** About this exercise **
In your reply, repeat every entry exactly and skip over each picture.

**** Data under study ****

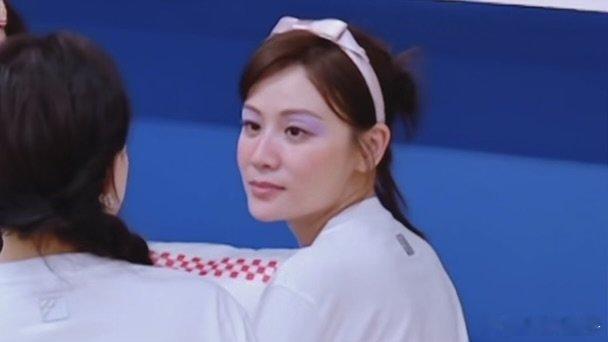 昨天顺带跟媳妇看了会儿浪姐，说是给叶一茜画媒婆妆，转头一瞅竟然很像王菲叶一茜孙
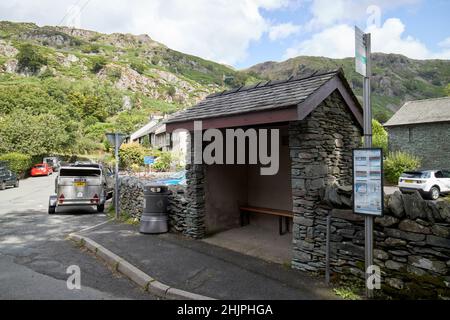 fermata dell'autobus e riparo vuoto autobus dal lato del b5343 attraverso la cappella style langdale valle, lake district, cumbria, inghilterra, regno unito Foto Stock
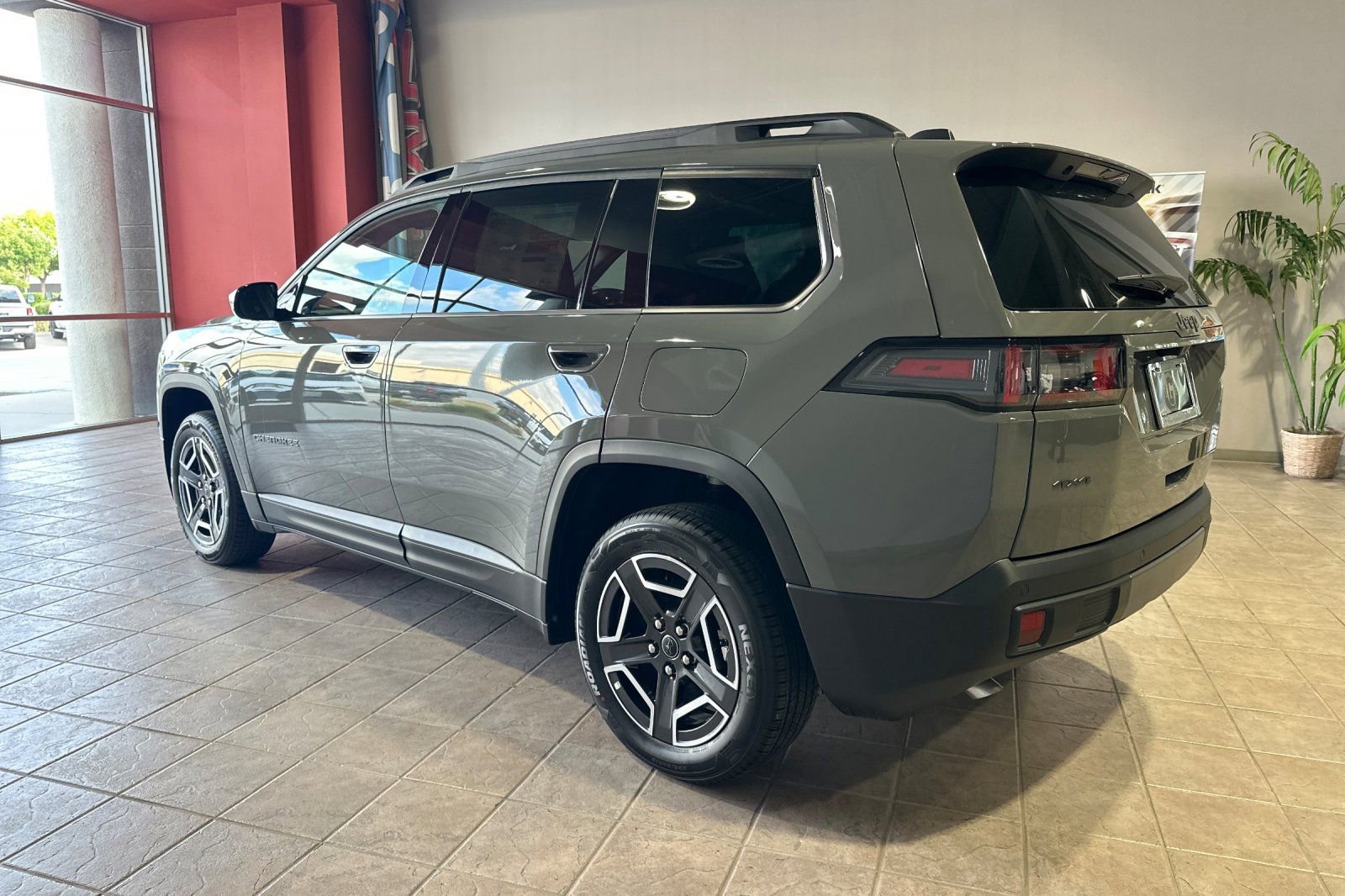 New 2026 Jeep Cherokee Laredo AWD/4WD image 4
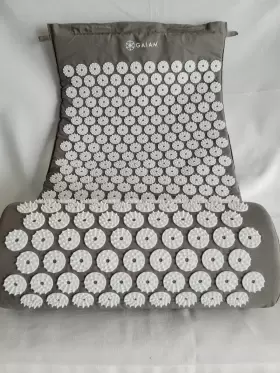 018713633880 GAIAM Accupressure Mat Pillow #3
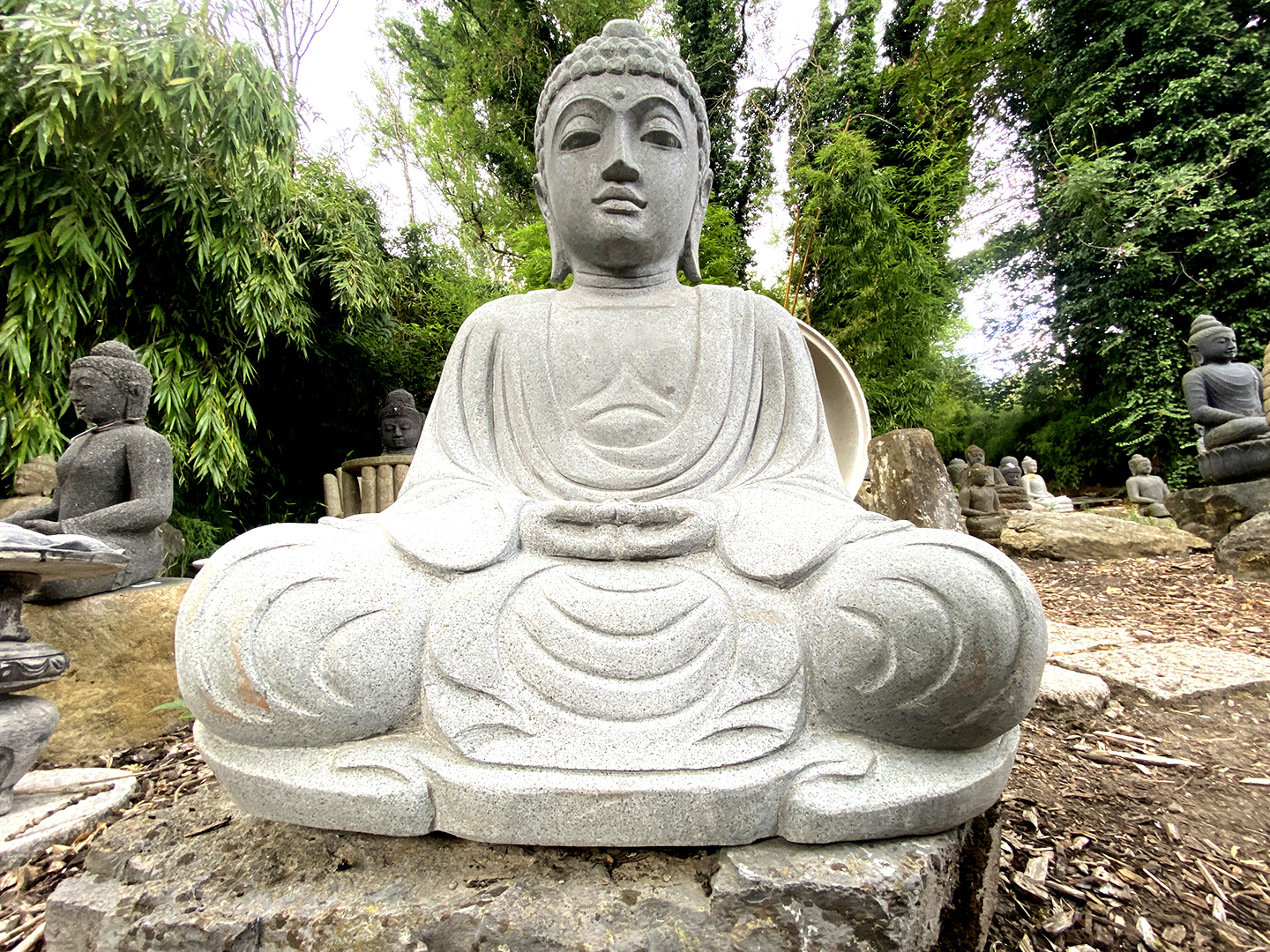 Japanischer Buddha aus Flussstein in Dhyana Mudra - 85 cm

****

** Output of the exercise **
 昨天顺带跟媳妇看了会儿浪姐，说是给叶一茜画媒婆妆，转头一瞅竟然很像王菲叶一茜孙
 fermata dell'autobus e riparo vuoto autobus dal lato del b5343 attraverso la cappella style langdale valle, lake district, cumbria, inghilterra, regno unito Foto Stock
 New 2026 Jeep Cherokee Laredo AWD/4WD image 4
 018713633880 GAIAM Accupressure Mat Pillow #3
 Japanischer Buddha aus Flussstein in Dhyana Mudra - 85 cm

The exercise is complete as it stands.